**The task**: A faithful copy of the data, pictures omitted, is the required answer.

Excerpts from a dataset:
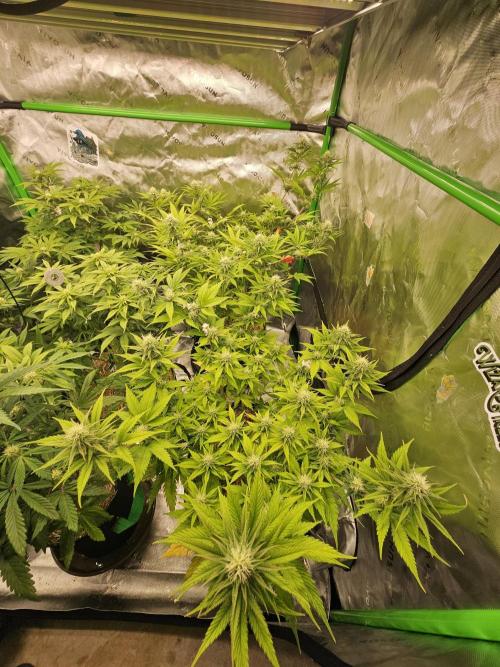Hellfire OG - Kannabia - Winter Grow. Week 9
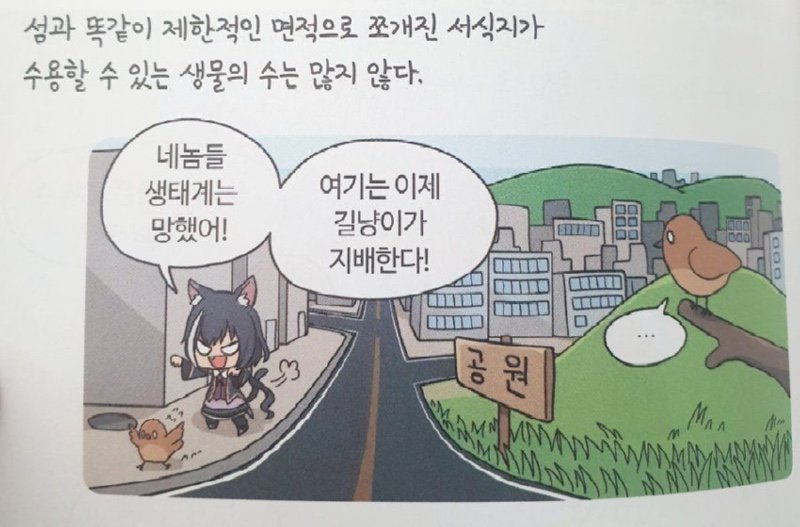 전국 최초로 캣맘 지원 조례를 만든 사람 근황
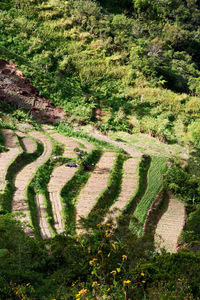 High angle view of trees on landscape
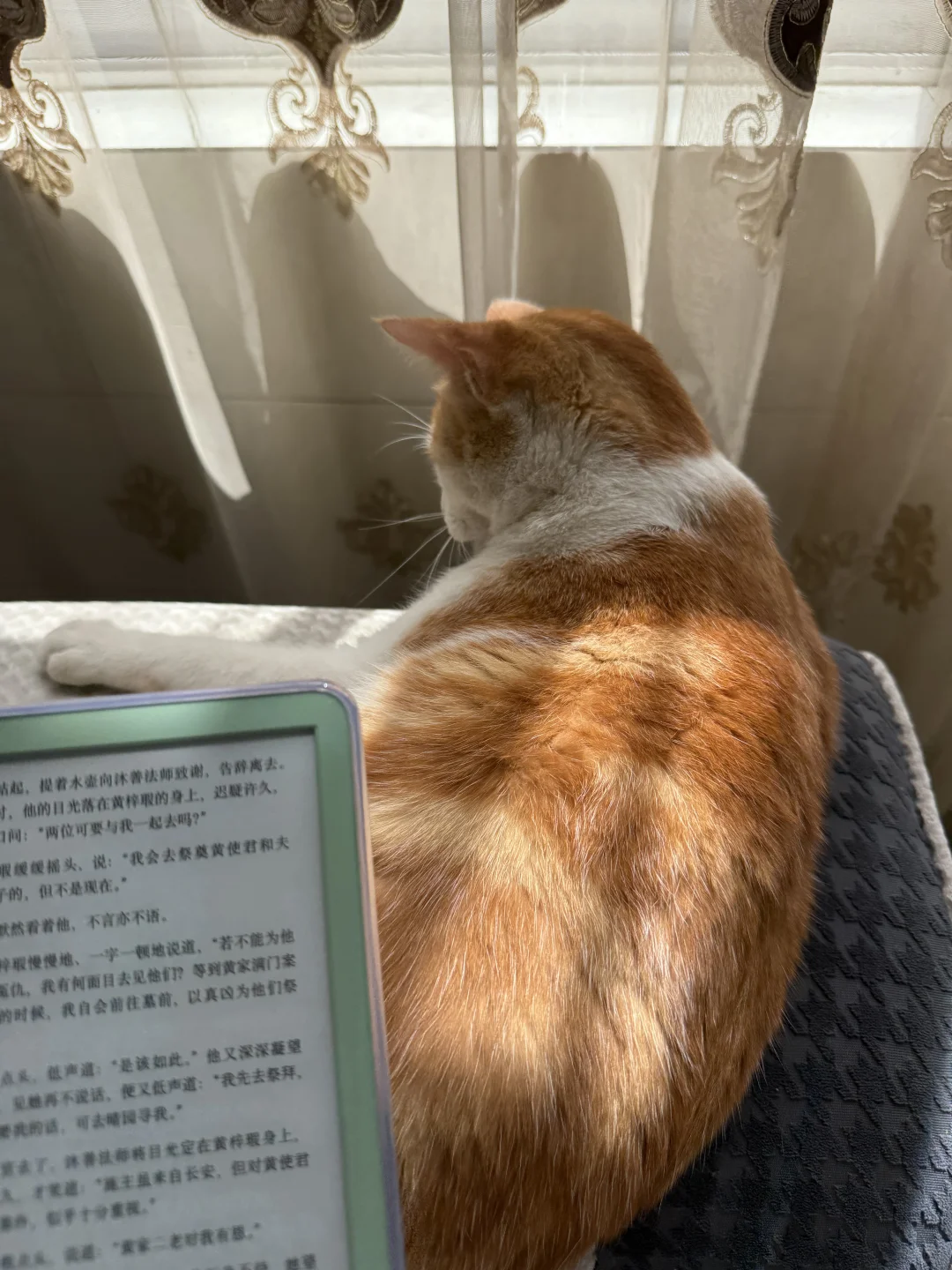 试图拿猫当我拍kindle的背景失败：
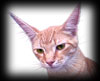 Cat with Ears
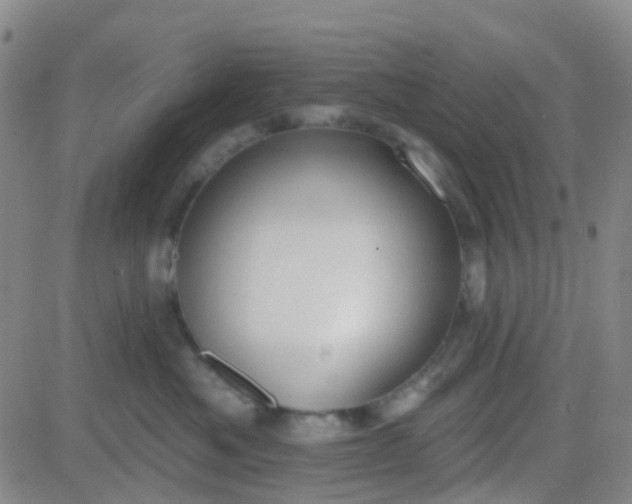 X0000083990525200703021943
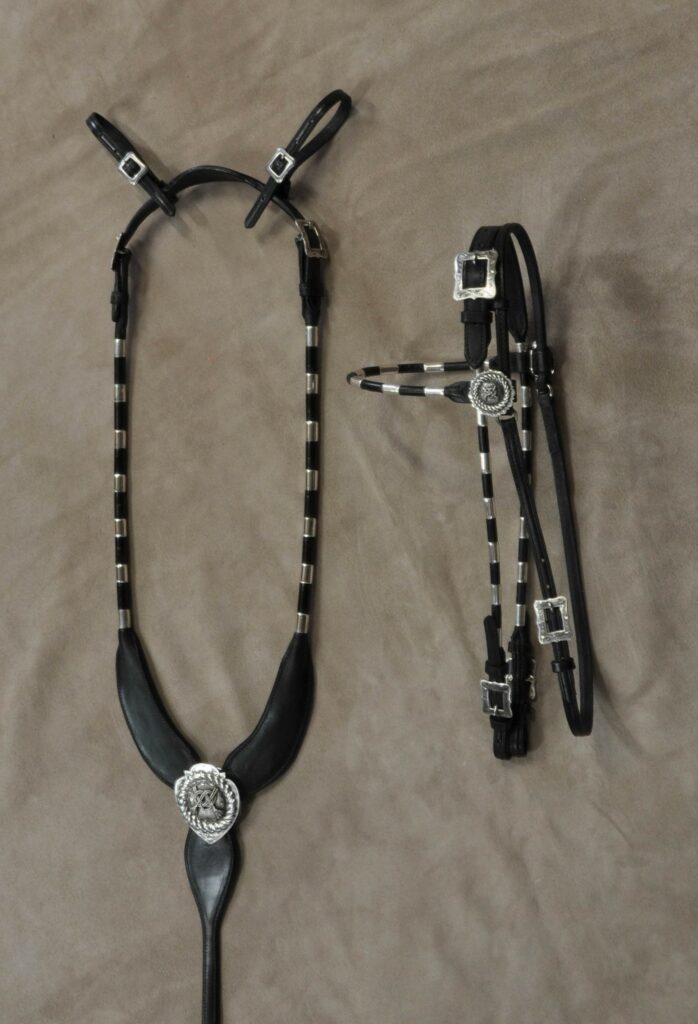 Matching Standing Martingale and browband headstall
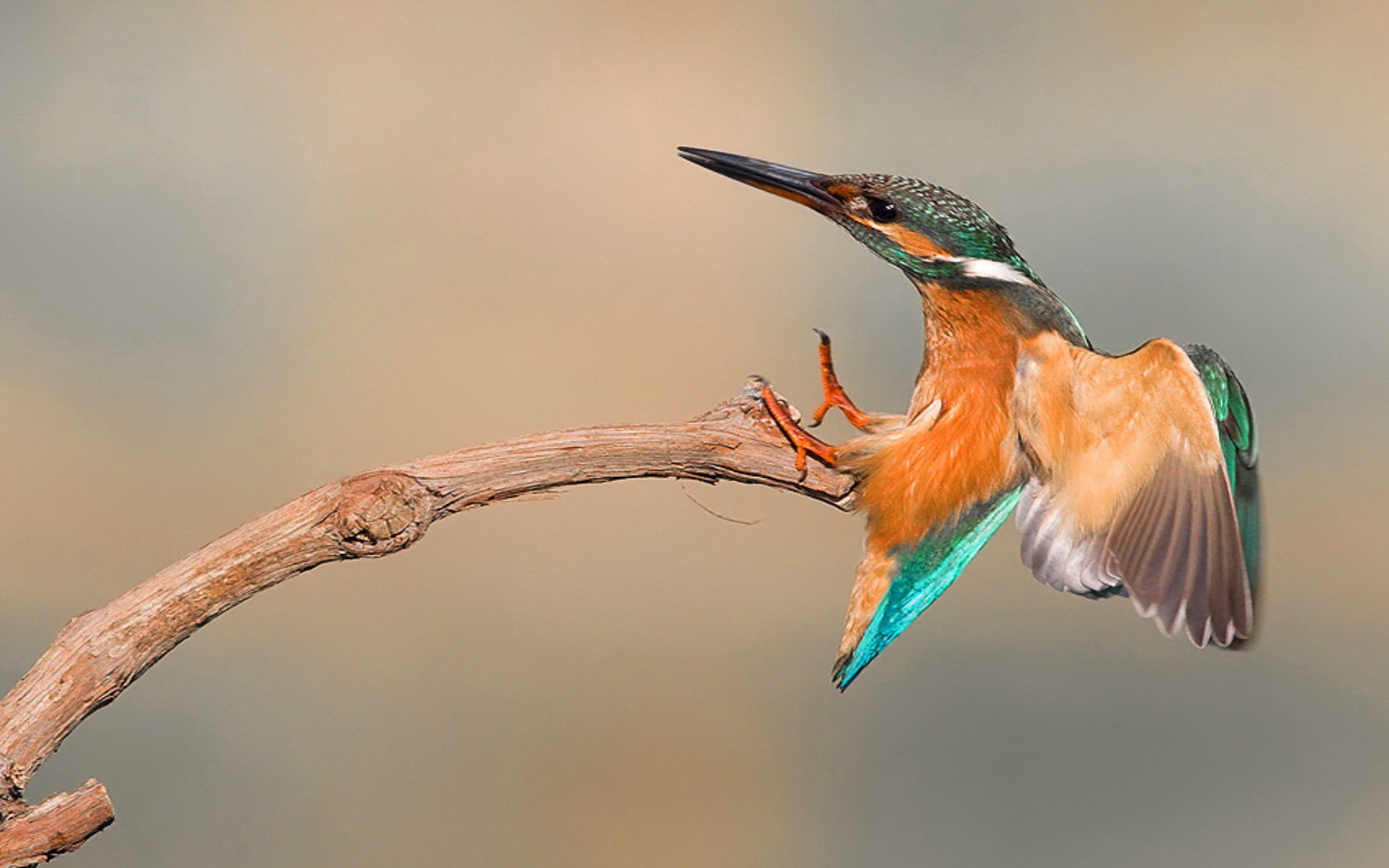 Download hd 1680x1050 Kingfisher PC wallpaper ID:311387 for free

**Answer**:
Hellfire OG - Kannabia - Winter Grow. Week 9
 전국 최초로 캣맘 지원 조례를 만든 사람 근황
 High angle view of trees on landscape
 试图拿猫当我拍kindle的背景失败：
 Cat with Ears
 X0000083990525200703021943
 Matching Standing Martingale and browband headstall
 Download hd 1680x1050 Kingfisher PC wallpaper ID:311387 for free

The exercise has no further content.